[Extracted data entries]
────
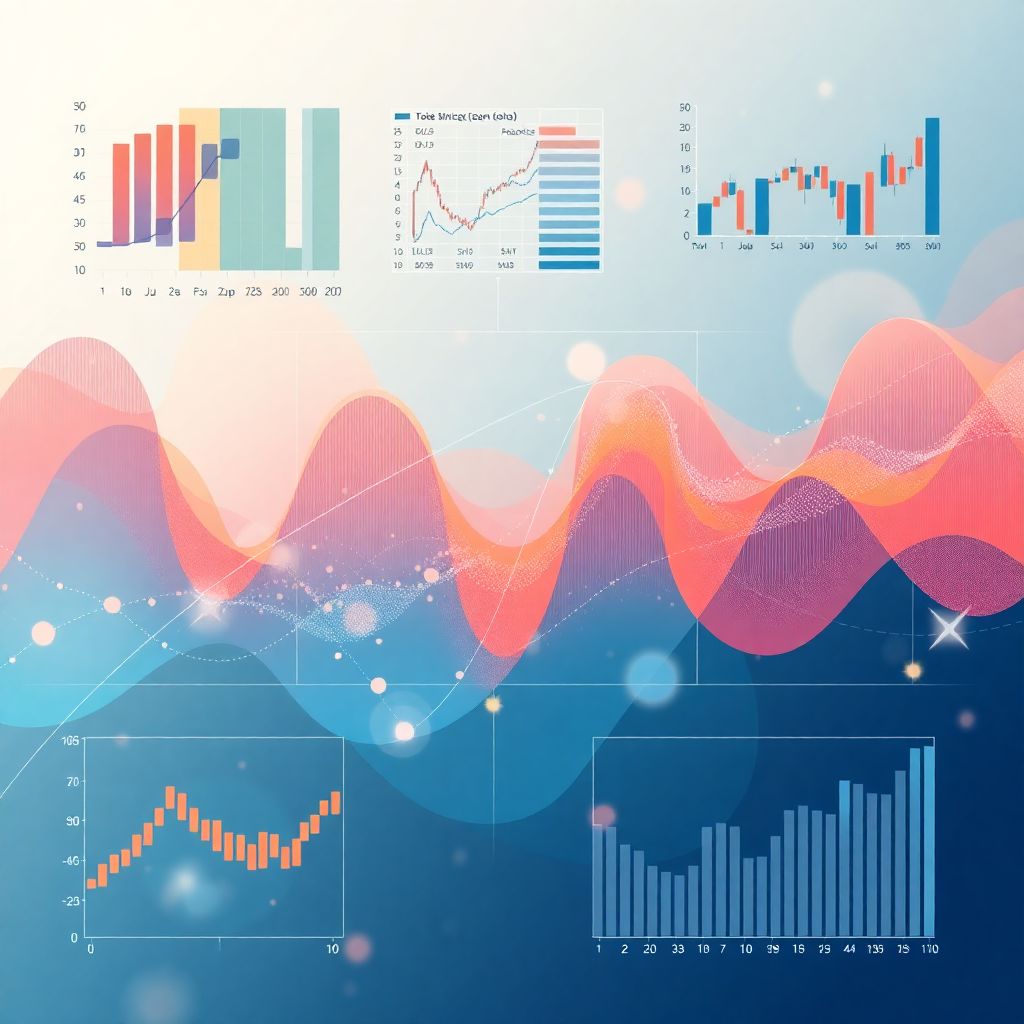Объемы торгов и цена токена: как определить влияние и спрогнозировать движение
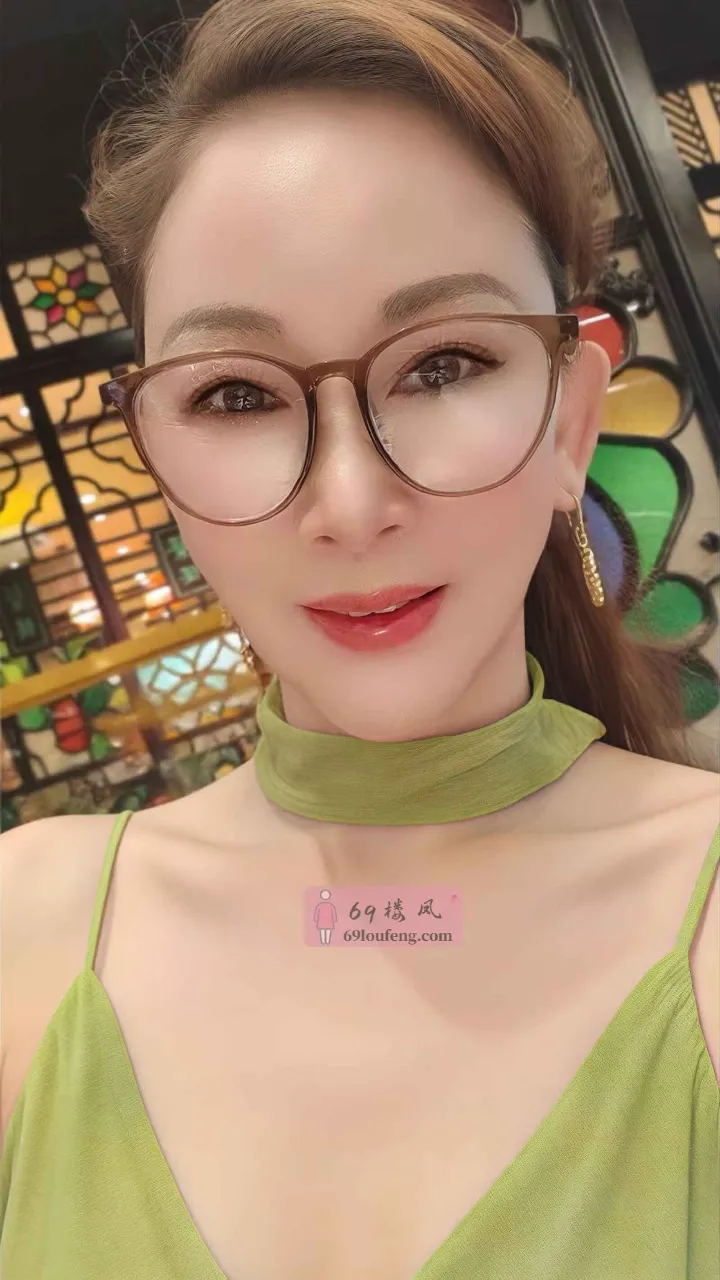 深圳熟女岚姐 - 广东-深圳 楼凤实拍第1张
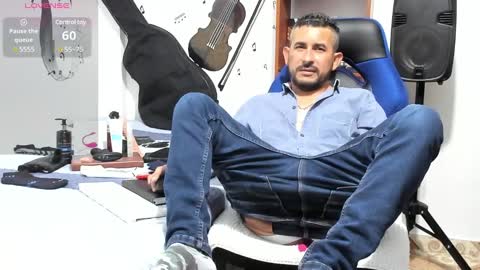 Yeol online show from 01-17-25, 06:23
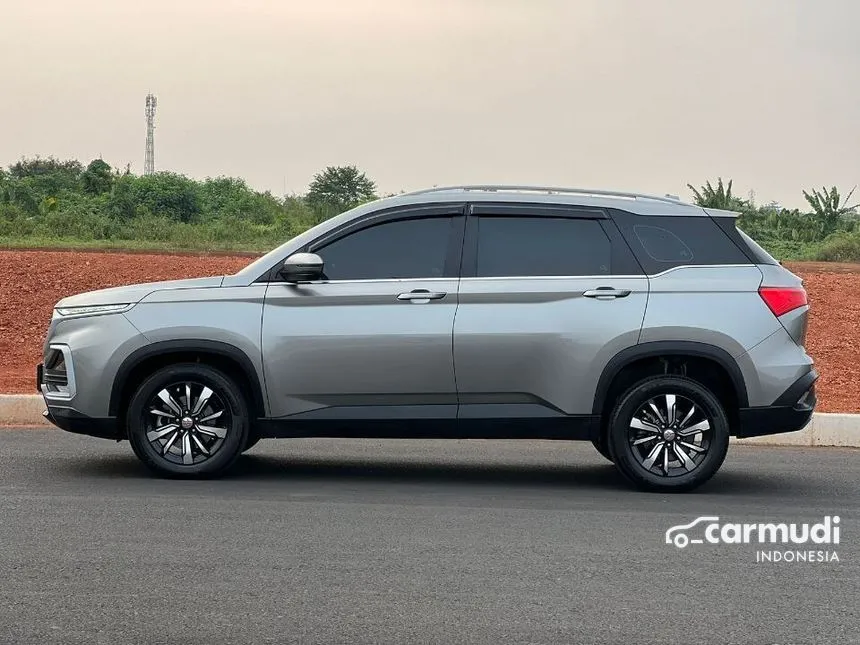 2019 Wuling Almaz LT Lux+ Exclusive Wagon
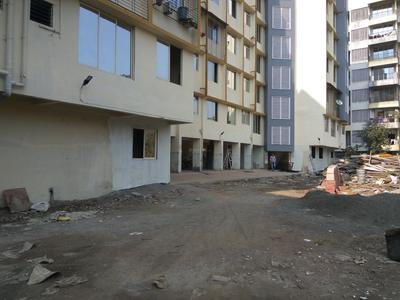 Project Image of 333.0 - 2315.0 Sq.ft 1 RK Apartment for buy in Swanand Heights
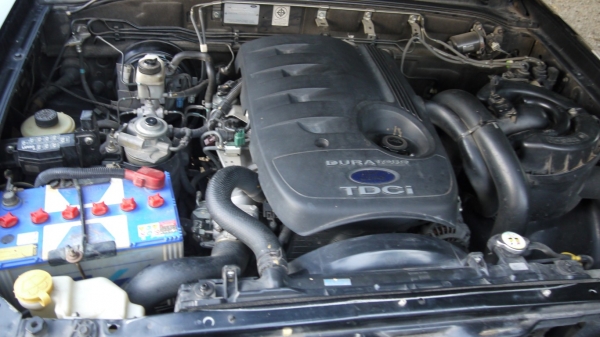 ขาย FORD RANGER ปี 08 สนใจโทรติดต่อครับ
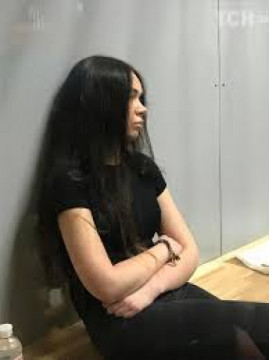 Днепровская тюрьма ей не подходит: Зайцева просит заменить 10 лет колонии на 5 лет условно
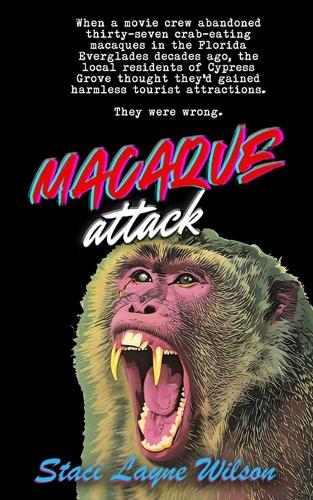 Macaque Attack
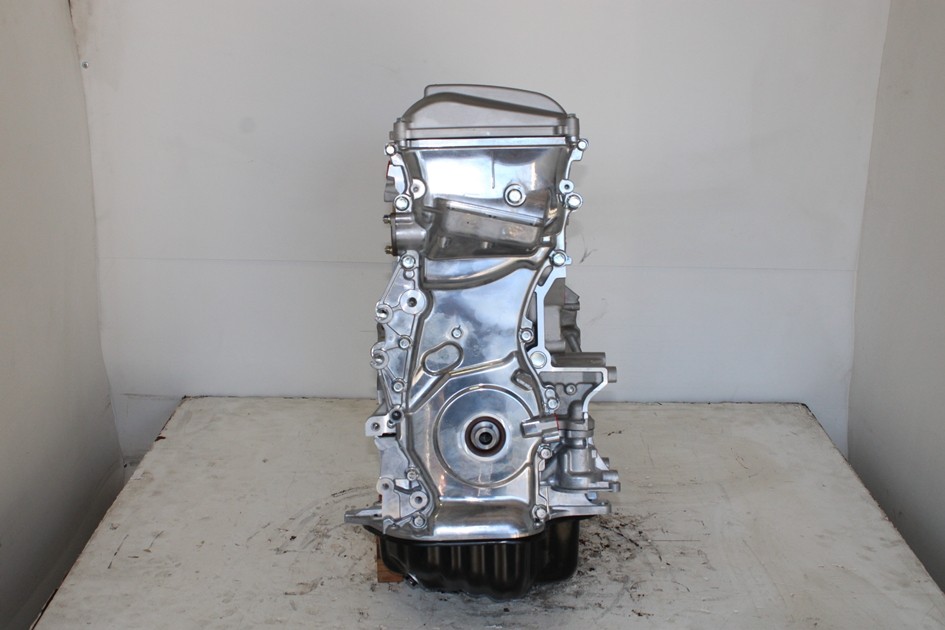 JDM 2001-2008 TOYOTA HIGHLANDER 2.4L DOHC VVTI NEW ENGINE ONLY ( N2AZ.ENG ) BRAND NEW - Image 11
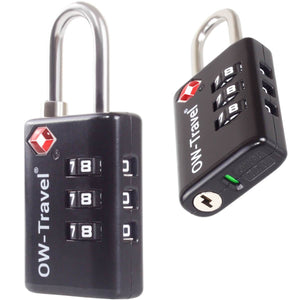 padlocks for backpacks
────
Required work
In the copy, include every line of the entries above exactly and none of the pictures.

Written response
Объемы торгов и цена токена: как определить влияние и спрогнозировать движение
 深圳熟女岚姐 - 广东-深圳 楼凤实拍第1张
 Yeol online show from 01-17-25, 06:23
 2019 Wuling Almaz LT Lux+ Exclusive Wagon
 Project Image of 333.0 - 2315.0 Sq.ft 1 RK Apartment for buy in Swanand Heights
 ขาย FORD RANGER ปี 08 สนใจโทรติดต่อครับ
 Днепровская тюрьма ей не подходит: Зайцева просит заменить 10 лет колонии на 5 лет условно
 Macaque Attack
 JDM 2001-2008 TOYOTA HIGHLANDER 2.4L DOHC VVTI NEW ENGINE ONLY ( N2AZ.ENG ) BRAND NEW - Image 11
 padlocks for backpacks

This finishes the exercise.